= INFORMATION PROVIDED =
- Opening Delimiter -
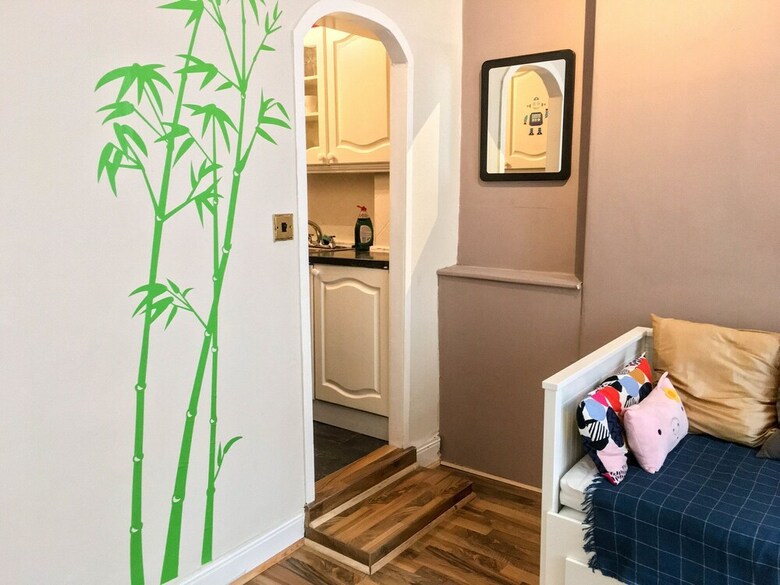 Bothwell � Superb City Centre Apartment
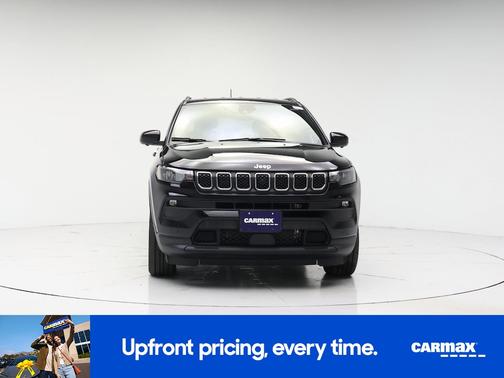 Black 2024 Jeep Compass Latitude Lux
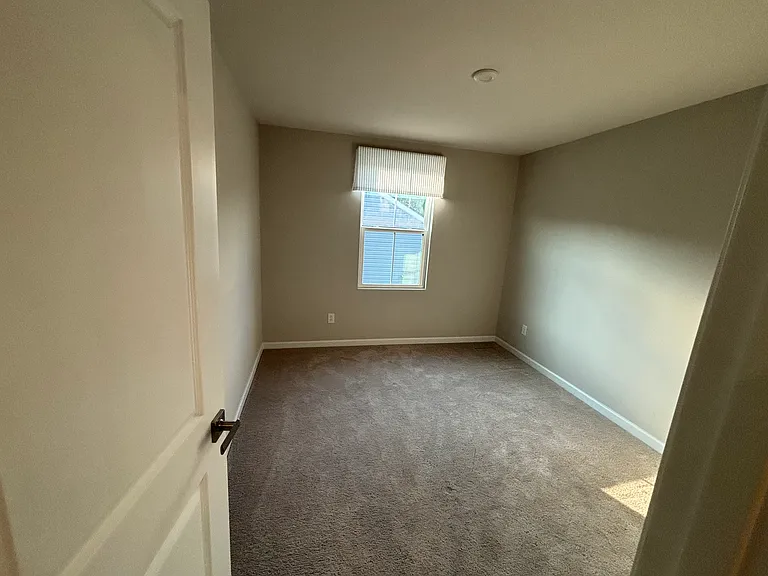 1703 Quail Run Way — Photo 23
- Closing Delimiter -
= ACTIVITY =
Retype the listing exactly. Pictures do not belong in the copy.

= PROBLEM SOLUTION =
 Bothwell � Superb City Centre Apartment
 Black 2024 Jeep Compass Latitude Lux
 1703 Quail Run Way — Photo 23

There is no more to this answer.